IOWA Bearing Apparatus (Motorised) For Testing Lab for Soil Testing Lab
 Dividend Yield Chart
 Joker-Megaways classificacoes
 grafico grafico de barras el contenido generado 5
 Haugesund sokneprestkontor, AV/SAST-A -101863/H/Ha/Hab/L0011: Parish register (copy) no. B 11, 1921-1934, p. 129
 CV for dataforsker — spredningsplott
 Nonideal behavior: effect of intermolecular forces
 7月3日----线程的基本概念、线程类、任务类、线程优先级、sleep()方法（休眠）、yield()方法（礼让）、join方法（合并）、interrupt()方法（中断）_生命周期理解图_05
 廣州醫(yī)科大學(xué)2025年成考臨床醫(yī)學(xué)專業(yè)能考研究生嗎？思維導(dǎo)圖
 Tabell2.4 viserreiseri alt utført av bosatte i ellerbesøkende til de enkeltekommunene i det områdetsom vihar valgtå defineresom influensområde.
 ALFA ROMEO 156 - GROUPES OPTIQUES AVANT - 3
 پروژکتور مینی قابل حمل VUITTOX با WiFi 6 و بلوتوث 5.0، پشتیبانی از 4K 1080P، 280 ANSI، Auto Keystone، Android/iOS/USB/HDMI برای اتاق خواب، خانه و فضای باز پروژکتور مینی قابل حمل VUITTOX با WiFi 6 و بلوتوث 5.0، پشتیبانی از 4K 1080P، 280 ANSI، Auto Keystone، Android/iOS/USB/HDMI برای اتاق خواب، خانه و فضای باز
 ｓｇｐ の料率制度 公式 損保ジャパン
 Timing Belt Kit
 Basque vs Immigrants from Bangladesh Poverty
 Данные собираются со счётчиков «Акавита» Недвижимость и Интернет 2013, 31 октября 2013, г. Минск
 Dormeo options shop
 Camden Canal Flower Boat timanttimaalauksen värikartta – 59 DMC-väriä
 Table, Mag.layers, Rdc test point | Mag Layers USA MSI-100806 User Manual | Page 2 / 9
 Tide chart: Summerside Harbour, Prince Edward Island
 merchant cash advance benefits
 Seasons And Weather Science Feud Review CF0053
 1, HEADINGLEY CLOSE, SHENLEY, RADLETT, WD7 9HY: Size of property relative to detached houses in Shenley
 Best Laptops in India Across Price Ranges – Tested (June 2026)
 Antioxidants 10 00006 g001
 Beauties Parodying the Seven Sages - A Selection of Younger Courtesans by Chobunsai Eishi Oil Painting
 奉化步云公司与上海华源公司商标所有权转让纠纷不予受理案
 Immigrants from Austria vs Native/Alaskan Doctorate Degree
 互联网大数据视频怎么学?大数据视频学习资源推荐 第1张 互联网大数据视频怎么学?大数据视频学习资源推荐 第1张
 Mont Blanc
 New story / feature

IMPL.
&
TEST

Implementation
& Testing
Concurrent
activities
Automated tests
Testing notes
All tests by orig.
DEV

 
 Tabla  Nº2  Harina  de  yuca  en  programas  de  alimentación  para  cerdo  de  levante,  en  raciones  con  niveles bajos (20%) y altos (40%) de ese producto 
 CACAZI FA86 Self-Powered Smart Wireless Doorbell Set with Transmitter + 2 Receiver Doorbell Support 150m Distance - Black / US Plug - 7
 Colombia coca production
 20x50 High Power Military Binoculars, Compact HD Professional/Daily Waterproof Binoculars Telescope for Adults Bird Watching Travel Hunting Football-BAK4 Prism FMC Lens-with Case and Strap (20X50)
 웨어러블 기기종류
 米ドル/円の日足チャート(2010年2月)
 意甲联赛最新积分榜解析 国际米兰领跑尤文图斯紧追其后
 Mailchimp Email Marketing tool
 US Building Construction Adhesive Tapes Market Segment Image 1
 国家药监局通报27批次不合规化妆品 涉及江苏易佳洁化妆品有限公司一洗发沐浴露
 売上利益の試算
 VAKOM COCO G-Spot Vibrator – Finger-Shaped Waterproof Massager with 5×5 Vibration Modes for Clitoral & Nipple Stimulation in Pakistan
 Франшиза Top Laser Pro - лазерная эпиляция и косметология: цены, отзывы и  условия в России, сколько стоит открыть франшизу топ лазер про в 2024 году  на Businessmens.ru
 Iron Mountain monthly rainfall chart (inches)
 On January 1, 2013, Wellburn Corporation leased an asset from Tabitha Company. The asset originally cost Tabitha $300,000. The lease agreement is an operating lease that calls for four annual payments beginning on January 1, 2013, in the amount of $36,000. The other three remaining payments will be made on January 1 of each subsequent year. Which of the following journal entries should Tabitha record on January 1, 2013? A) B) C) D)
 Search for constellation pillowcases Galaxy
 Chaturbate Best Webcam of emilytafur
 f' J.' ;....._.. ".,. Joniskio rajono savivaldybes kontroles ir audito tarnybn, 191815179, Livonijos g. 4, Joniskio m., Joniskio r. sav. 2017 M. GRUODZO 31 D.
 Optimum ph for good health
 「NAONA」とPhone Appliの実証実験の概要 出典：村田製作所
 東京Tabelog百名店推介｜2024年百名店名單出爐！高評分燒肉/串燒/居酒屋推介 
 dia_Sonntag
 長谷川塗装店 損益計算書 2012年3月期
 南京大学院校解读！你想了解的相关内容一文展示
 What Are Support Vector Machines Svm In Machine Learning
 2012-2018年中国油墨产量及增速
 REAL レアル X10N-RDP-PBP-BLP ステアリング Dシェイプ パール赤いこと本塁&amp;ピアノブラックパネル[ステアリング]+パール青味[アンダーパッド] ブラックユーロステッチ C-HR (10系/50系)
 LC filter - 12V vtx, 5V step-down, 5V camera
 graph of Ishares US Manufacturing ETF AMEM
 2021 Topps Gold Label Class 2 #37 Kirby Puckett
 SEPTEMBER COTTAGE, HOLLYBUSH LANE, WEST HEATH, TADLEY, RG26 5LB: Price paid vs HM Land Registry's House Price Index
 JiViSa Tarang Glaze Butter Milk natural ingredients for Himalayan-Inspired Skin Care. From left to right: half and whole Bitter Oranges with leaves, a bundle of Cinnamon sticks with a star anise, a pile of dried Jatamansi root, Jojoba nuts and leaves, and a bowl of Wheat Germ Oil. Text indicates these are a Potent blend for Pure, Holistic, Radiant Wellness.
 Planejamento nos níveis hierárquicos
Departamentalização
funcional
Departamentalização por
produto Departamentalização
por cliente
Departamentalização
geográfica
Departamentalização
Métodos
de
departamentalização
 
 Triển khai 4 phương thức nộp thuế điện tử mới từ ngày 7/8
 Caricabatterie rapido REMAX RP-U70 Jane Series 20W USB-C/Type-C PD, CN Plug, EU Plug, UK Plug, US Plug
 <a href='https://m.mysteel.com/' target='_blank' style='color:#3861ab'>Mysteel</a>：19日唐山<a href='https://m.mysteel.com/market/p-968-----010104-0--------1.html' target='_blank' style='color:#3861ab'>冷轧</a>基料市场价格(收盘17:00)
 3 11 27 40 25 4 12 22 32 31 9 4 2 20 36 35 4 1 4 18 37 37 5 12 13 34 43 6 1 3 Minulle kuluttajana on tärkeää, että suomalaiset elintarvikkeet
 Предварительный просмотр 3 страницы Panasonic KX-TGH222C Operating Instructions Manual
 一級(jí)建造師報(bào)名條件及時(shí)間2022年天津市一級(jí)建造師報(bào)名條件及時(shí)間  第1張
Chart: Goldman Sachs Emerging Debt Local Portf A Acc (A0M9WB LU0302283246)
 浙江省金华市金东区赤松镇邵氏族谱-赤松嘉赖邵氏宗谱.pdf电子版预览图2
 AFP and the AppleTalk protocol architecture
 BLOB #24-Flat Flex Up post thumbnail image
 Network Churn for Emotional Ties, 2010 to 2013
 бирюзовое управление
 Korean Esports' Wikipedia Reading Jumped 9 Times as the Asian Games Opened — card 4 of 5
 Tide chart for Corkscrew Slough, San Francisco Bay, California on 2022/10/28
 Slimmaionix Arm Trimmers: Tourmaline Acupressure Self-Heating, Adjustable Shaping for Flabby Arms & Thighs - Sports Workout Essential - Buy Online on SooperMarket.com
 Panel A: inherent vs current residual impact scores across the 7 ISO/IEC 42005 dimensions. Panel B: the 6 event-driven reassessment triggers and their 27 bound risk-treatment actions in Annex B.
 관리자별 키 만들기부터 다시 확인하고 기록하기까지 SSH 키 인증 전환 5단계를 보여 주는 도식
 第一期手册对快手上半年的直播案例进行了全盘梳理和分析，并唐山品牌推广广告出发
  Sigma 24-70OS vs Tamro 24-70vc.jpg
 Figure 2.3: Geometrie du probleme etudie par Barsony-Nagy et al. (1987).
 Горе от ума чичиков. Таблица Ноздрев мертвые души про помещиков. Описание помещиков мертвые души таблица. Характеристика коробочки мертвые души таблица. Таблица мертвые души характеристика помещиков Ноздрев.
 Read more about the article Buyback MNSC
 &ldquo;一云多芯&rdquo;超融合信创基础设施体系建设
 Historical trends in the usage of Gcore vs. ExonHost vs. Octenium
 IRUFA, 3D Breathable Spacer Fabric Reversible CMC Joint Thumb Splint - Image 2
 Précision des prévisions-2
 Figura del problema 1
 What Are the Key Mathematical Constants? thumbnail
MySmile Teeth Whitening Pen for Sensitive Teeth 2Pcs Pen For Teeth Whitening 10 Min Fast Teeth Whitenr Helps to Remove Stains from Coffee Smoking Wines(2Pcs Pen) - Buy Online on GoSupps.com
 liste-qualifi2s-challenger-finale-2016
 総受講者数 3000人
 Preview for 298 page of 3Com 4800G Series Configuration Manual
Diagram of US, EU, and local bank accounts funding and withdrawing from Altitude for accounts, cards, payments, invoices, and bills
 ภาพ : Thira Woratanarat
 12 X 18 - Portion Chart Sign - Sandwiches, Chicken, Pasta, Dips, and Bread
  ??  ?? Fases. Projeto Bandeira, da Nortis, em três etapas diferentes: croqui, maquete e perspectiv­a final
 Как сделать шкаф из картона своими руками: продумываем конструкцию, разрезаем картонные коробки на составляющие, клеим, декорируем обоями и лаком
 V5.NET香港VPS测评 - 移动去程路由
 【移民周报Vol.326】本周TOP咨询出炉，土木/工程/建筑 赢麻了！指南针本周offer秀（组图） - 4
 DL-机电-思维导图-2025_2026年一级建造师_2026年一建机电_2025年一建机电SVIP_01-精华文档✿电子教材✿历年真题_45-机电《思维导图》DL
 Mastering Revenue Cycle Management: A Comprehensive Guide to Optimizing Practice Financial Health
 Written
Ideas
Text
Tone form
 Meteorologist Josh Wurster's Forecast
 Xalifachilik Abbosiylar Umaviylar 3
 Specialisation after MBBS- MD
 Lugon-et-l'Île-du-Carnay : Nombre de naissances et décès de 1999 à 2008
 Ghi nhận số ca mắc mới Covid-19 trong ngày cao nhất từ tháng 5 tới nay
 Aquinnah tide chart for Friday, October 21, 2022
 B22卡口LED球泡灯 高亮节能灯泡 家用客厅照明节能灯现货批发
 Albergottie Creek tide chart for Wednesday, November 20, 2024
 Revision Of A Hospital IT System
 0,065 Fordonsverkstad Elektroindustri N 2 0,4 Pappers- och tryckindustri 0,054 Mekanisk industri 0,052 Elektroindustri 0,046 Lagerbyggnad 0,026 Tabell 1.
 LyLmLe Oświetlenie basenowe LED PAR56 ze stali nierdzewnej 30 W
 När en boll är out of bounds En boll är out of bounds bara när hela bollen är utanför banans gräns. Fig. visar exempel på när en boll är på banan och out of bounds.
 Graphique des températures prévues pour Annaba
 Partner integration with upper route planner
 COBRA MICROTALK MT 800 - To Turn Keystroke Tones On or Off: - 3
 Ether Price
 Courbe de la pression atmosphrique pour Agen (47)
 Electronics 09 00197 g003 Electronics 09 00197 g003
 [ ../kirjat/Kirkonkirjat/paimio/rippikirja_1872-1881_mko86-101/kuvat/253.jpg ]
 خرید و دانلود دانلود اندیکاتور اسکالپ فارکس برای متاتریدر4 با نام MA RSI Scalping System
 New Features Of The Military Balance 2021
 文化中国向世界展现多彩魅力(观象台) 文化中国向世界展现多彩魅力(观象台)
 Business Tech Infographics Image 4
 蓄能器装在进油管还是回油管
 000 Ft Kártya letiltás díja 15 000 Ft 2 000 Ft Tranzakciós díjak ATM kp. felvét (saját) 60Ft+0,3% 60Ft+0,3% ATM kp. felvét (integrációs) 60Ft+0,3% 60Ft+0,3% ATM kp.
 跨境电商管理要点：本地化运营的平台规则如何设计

▶ [Task instructions]: Could you restate word for word the lines above, from the one that contains "Sigma 24-70OS vs Tamro 24-70vc.jpg" through the one that contains "総受講者数 3000人", and no others?

▶ [Solution for this exercise]:
  Sigma 24-70OS vs Tamro 24-70vc.jpg
 Figure 2.3: Geometrie du probleme etudie par Barsony-Nagy et al. (1987).
 Горе от ума чичиков. Таблица Ноздрев мертвые души про помещиков. Описание помещиков мертвые души таблица. Характеристика коробочки мертвые души таблица. Таблица мертвые души характеристика помещиков Ноздрев.
 Read more about the article Buyback MNSC
 &ldquo;一云多芯&rdquo;超融合信创基础设施体系建设
 Historical trends in the usage of Gcore vs. ExonHost vs. Octenium
 IRUFA, 3D Breathable Spacer Fabric Reversible CMC Joint Thumb Splint - Image 2
 Précision des prévisions-2
 Figura del problema 1
 What Are the Key Mathematical Constants? thumbnail
MySmile Teeth Whitening Pen for Sensitive Teeth 2Pcs Pen For Teeth Whitening 10 Min Fast Teeth Whitenr Helps to Remove Stains from Coffee Smoking Wines(2Pcs Pen) - Buy Online on GoSupps.com
 liste-qualifi2s-challenger-finale-2016
 総受講者数 3000人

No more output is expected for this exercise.